:: Exercise details ::
The lines to return run from the one containing "TEXTA CRISTAL WHITE TEXTA CRISTAL WHITE" through the end of the material; give them exactly and leave out the pictures.

Segment Start: Provided data

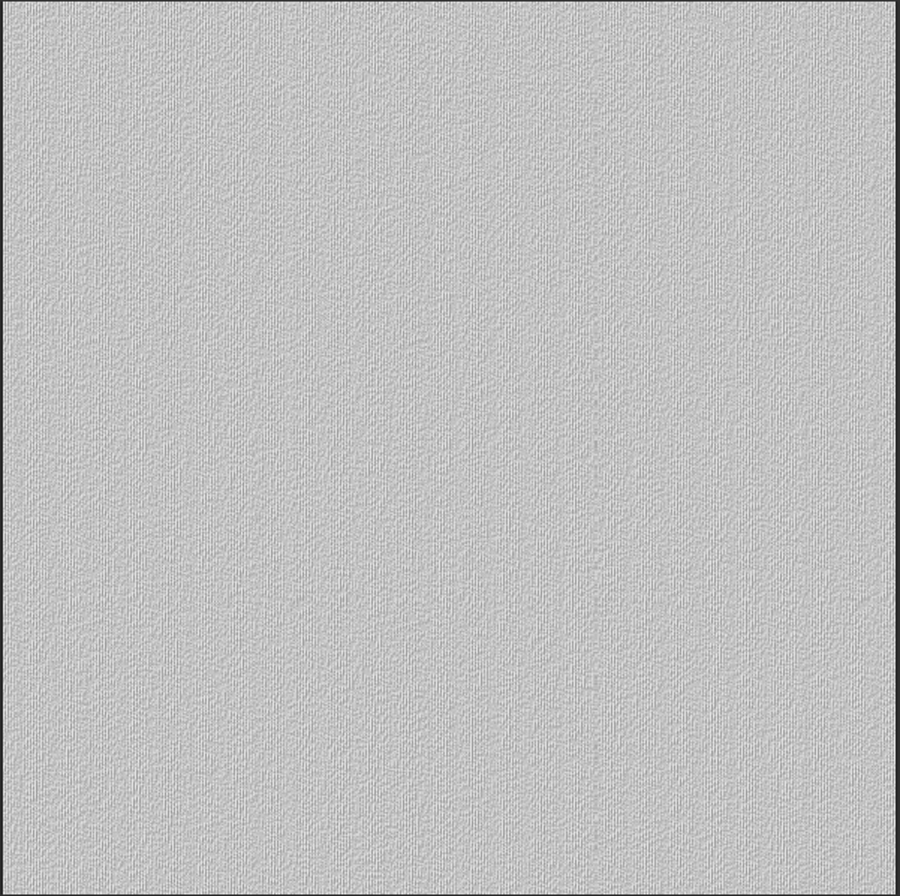 My Image 37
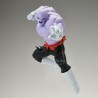 Figurine Statique - Match Makers - Dragon Ball - Jiren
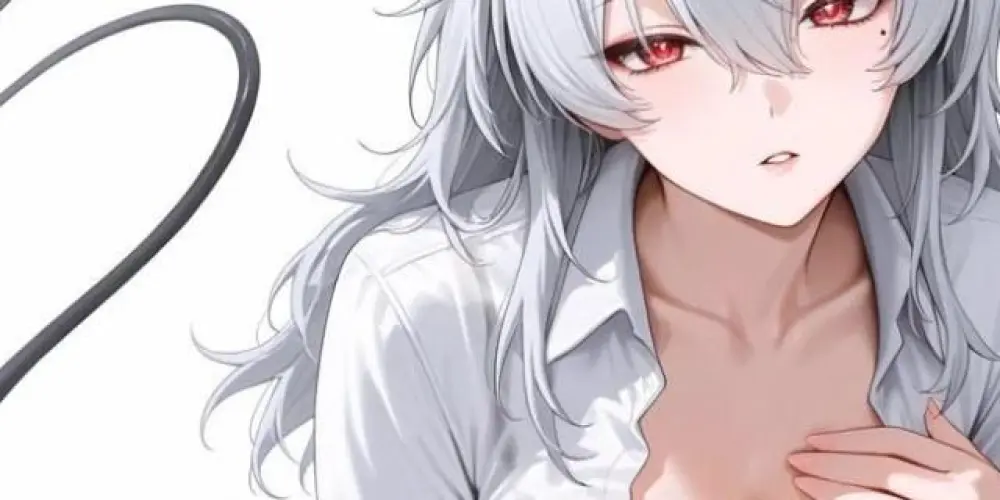 Imagem do grupo de WhatsApp 亗𝑫𝑨𝑹𝑲𝑺𝑪𝑹𝑨𝒁𝒀𝑺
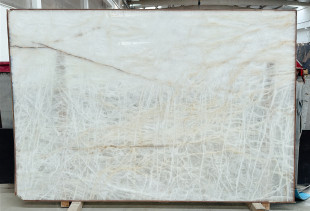 TEXTA CRISTAL WHITE TEXTA CRISTAL WHITE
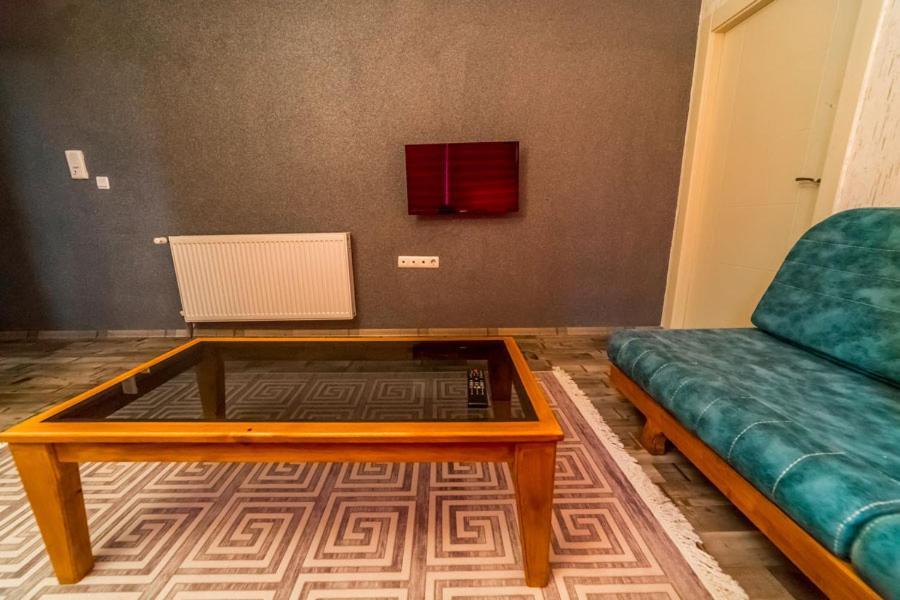 Veda Suit Talas Bagian luar foto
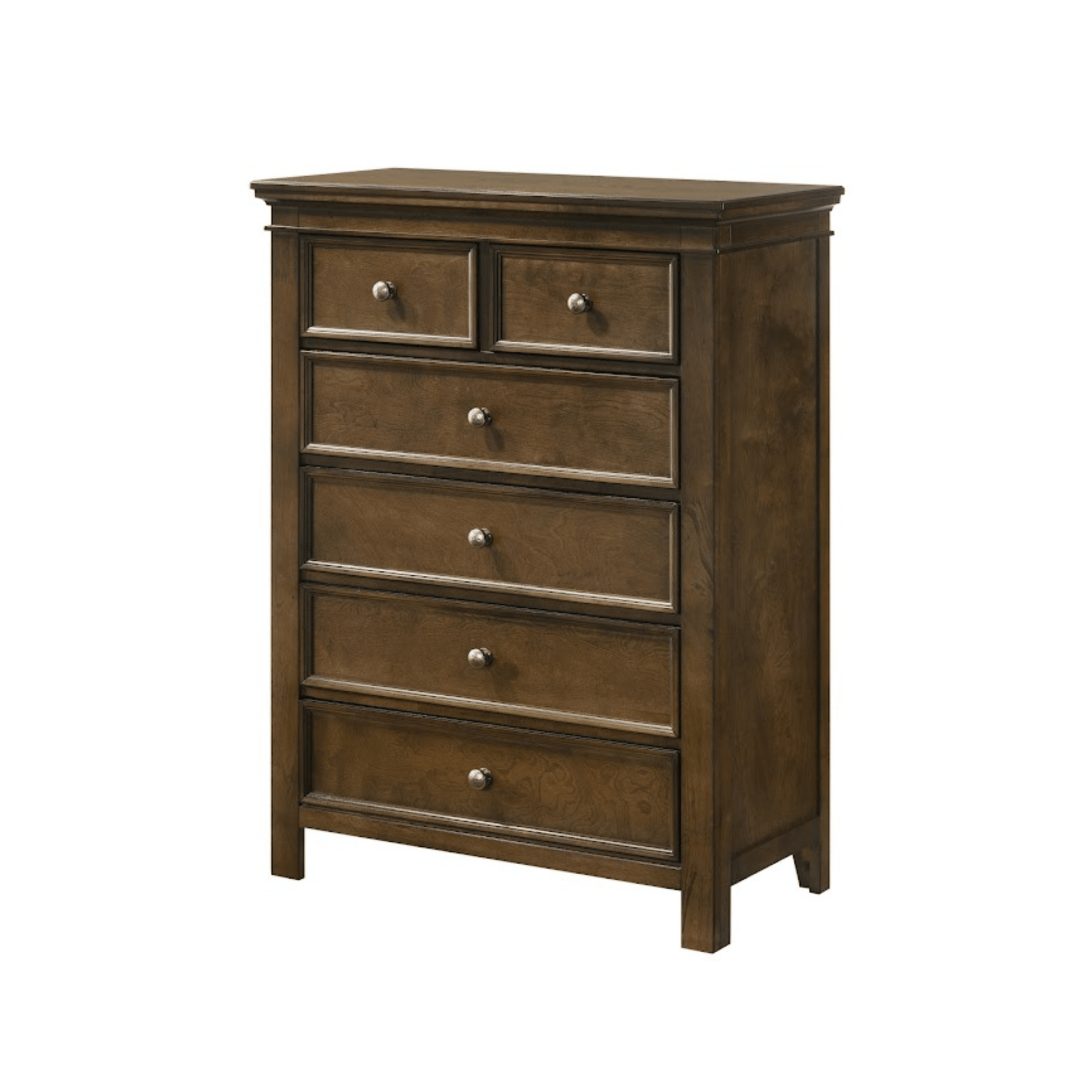 Haarlem Espresso Bedroom Set Bedroom Sets| Roots Furniture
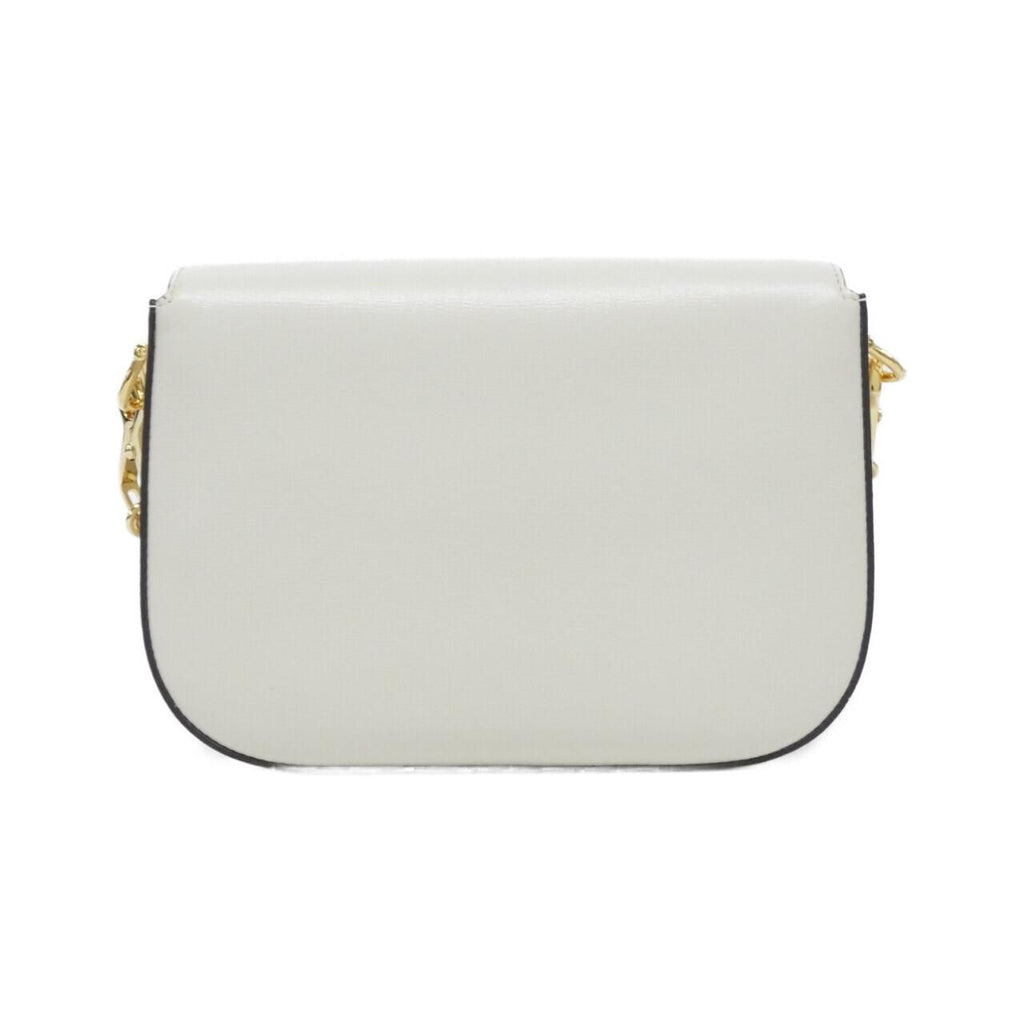 Gucci Horsebit 1955 Shoulder Bag — view 2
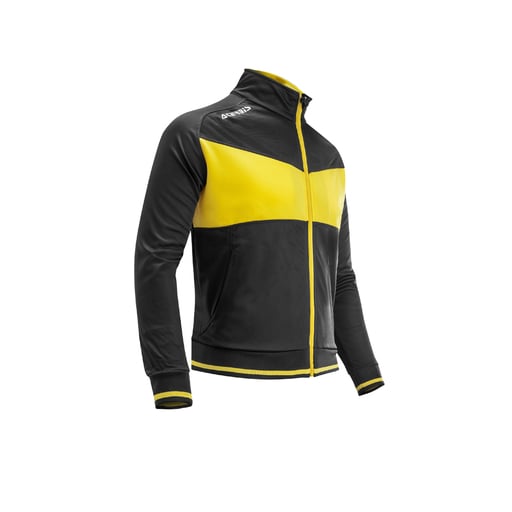  Acerbis Jacke Trainingsanzug Stirnband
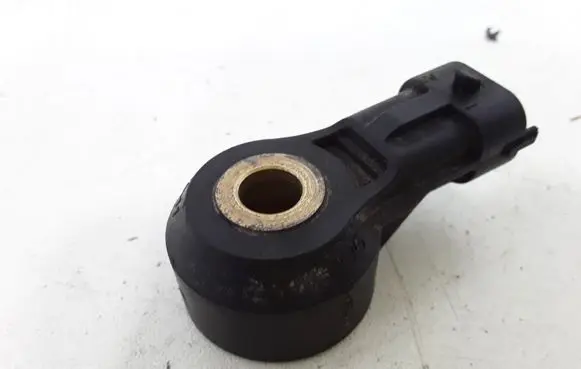 Opel Astra H Detonation knock sensor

Segment End: Provided data

:: Result below ::
 TEXTA CRISTAL WHITE TEXTA CRISTAL WHITE
 Veda Suit Talas Bagian luar foto
 Haarlem Espresso Bedroom Set Bedroom Sets| Roots Furniture
 Gucci Horsebit 1955 Shoulder Bag — view 2
  Acerbis Jacke Trainingsanzug Stirnband
 Opel Astra H Detonation knock sensor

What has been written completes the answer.